- [RECORDS SHOWN]

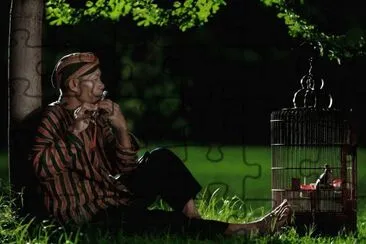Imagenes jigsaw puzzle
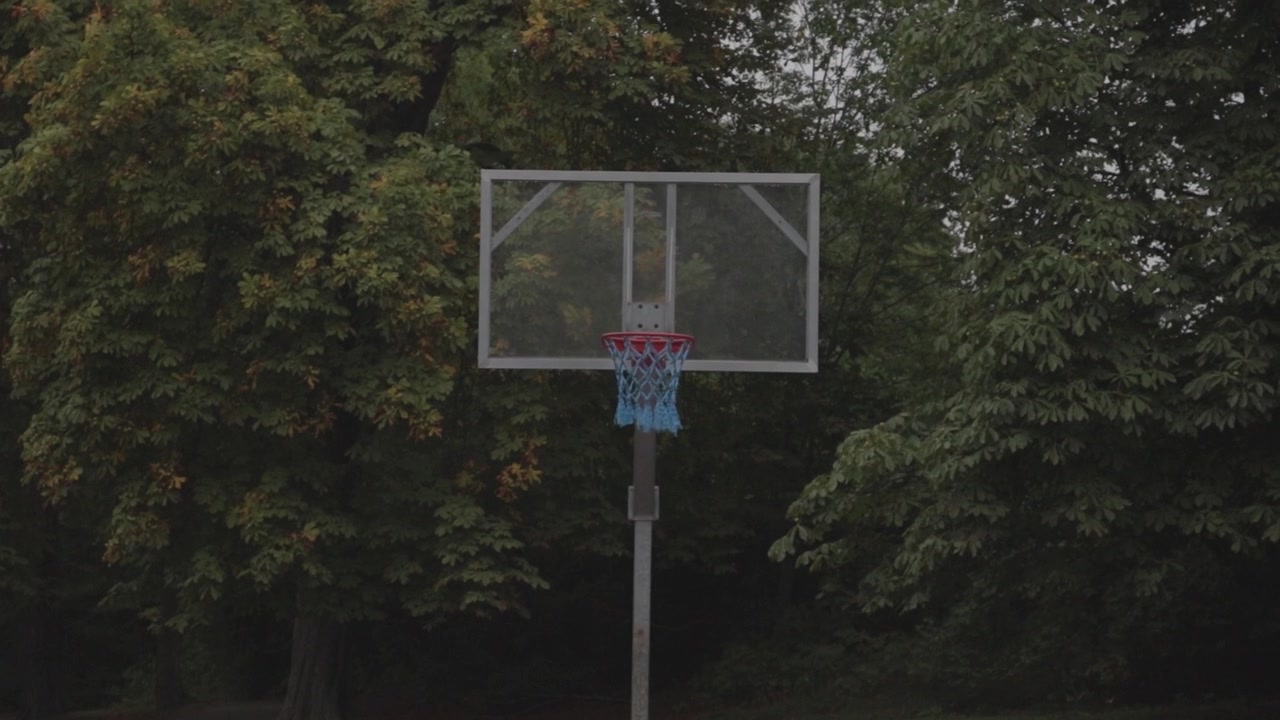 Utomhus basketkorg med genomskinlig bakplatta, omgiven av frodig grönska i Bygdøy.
* * *
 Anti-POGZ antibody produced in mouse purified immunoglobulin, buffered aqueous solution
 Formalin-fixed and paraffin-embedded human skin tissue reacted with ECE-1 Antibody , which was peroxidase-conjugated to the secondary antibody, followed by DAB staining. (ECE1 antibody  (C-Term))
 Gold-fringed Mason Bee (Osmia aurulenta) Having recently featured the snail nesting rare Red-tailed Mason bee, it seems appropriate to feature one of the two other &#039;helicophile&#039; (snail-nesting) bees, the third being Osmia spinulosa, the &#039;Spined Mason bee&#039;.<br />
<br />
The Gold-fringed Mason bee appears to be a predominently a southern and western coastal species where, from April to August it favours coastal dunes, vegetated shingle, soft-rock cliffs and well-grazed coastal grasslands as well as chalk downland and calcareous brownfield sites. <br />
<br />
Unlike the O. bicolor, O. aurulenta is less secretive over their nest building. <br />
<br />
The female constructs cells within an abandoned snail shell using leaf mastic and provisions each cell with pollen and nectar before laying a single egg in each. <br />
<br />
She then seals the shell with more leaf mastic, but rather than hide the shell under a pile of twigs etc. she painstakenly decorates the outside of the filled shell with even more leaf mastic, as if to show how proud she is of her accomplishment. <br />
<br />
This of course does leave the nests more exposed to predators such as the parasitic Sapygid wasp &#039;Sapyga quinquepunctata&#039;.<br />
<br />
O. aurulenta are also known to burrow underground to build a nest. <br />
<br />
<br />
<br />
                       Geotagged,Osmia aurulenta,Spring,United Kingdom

- [EXERCISE REQUIREMENTS]
In the entries above, every line from the line with "Imagenes jigsaw puzzle" to the line with "Utomhus basketkorg med" is to be printed exactly, with both ends included and pictures excluded.

- [RESPONSE FOR THIS EXERCISE]
Imagenes jigsaw puzzle
 Utomhus basketkorg med genomskinlig bakplatta, omgiven av frodig grönska i Bygdøy.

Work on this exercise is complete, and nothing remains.